Boron is used in special-purpose alloys, in cementation of iron, as oxygen scavenger for copper and other metals, as fibres and filaments in composites with metals or ceramics, as semiconductor, for nuclear reactors, as a shield for nuclear radiation and in instruments used for detecting neutrons. Boron is used in pyrotechnic flares (distinctive green colour), for rockets (as an igniter), in boron-coated tungsten wires and in high temperature brazing alloys.
Applications for specific boron compounds follow.
Borates are used mostly to produce glass. They are also used in fire retardants, leather tanning industries, cosmetics, photographic materials, soaps and cleaners, adhesives and for high-energy fuel. Some pesticides used for cockroach control and some wood preservatives also contain borates.

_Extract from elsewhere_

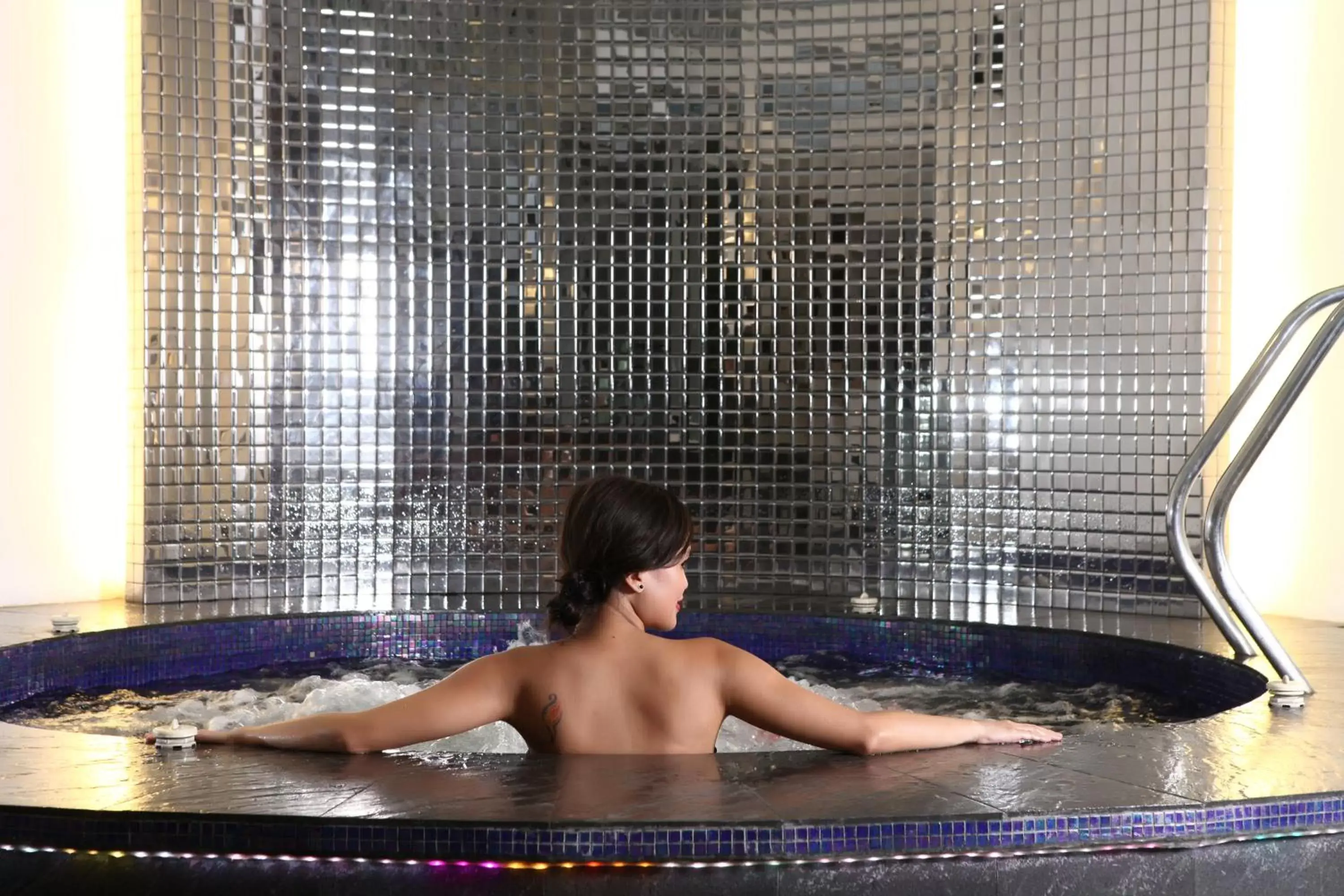 Hot Tub, Swimming Pool in Manila Lotus Hotel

Borax is used in soldering metals, as a cleansing flux in welding, in the manufacture of glazes and enamels (e.g. for covering steel of refrigerators and washing machines), in tanning, in cleaning compounds, to artificially age wood, as a preservative against wood fungus (either alone or with other antiseptics), and in fireproofing fabrics. It is also used for curing and preserving skins, in cockroach control and as a water softener in washing powders.
Boric acid is used for weatherproofing and fireproofing fabrics, as a preservative, in the manufacture of cements, crockery, porcelain, enamels, glass, borates, leather, carpets, hats, soaps, and artificial gems, and in nickel-plating baths. It is also used in the manufacture of cosmetics, in ointments and eye washes, as a mild antiseptic, in printing and dyeing, in photography, for impregnating wicks, for hardening steel, in welding flux, copper brazing, as an insecticide for cockroaches and carpet beetles, and in fungus control for citrus fruits.
Boron oxide is used in metallurgy, in the analysis of silicon dioxide in silicates, in blowpipe analysis, for the production of boron, in heat-resistant glassware, as a fire-resistant additive for paints, in electronics and as an herbicide.
Boron carbide is used as an abrasive, in the manufacture of hard and chemical-resistant ceramics or wear-resistant tools, in the refractory industry, in light weight cermets, in armour tiles, in radiation protection and shielding, in the nuclear industry in control rods in nuclear reactors (high capture cross-section to absorb thermal neutrons), as raw material for producing other boron containing materials (e.g. titanium boride), and in solid fuel (propellant for ducted rockets).
Boron nitride is used as a refractory material, laboratory reagent, and abrasive. Boron trichloride is used in the manufacture and purification of metal alloys, in bonding of iron and steel, in soldering fluxes, and in the manufacture of electrical resistors. It is also used to extinguish magnesium fires in heat resisting furnaces.
Boron trifluoride is widely used to promote various organic reactions. Boron filaments are high-strength, lightweight materials that are used in fibre optics research and for advanced aerospace structures.